Use of Generalized Sheet Transition Conditions to Model Guided Waves on Metasurfaces/Metafilms

We use generalized sheet transition conditions (GSTCs) to investigate the existence of guided waves (both surface waves and complex modes) on a metafilm: a surface distribution of electrically small scatterers characterized by electric and magnetic surface susceptibilities. In this paper, excitation of a metafilm by both electric and magnetic line currents is investigated. The characteristics of the guided waves for both these polarizations are expressed in terms of the surface susceptibilities, which are directly related to the electric and magnetic polarizabilities of the scatterers composing the surface.

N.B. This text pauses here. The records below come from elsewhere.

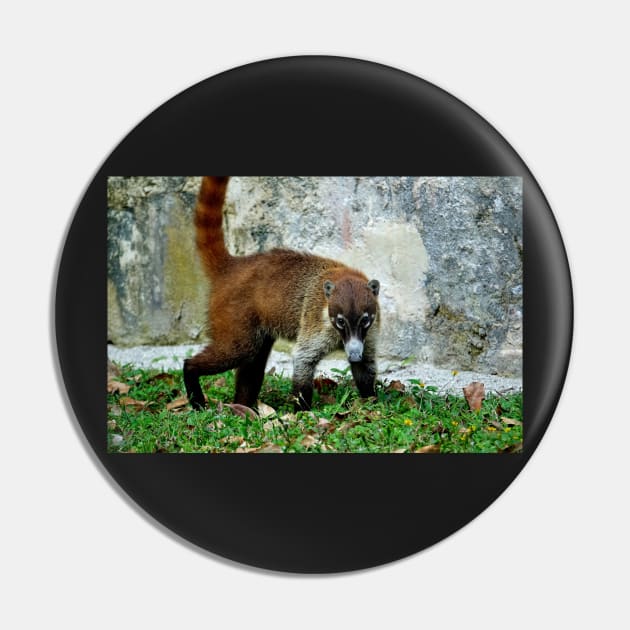 Guatemala - site archéologique de Tikal, Coatis Pin by franck380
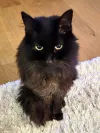 pet-image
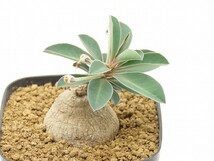 ■[Y170]gracile　グラキレ Itigi Tanzania ES20939　2023年春輸入 【多肉植物　Monadenium　モナデニウム】_画像7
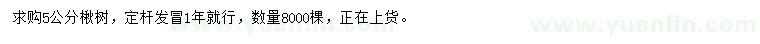 求購5公分楸樹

We will show that the guided waves can have unique behaviors (not found in classical slab configurations) for judicious choices of the scatterers in the metafilm. For example, unlike a conventional dielectric slab, forward and backward surface waves as well as complex modes can be excited simultaneously on the metafilm, a direct consequence of engineering the properties of the constituent scatterers. Two different classes of modes (even and odd) are possible on the metasurface. The odd mode is analogous to the surface plasmon polariton seen on some metamaterials, and under certain conditions, the even mode is analogous to the classical dielectric slab surface wave. In order to validate the predictions presented here, we present numerical results for an electric-line source placed above a metafilm composed of spherical particles. We also show comparisons of propagation constants obtained from our model to other analytical results found in the literature. Finally, we show that the results from our formulation reduce to analytical results given in the literature for a thin dielectric layer.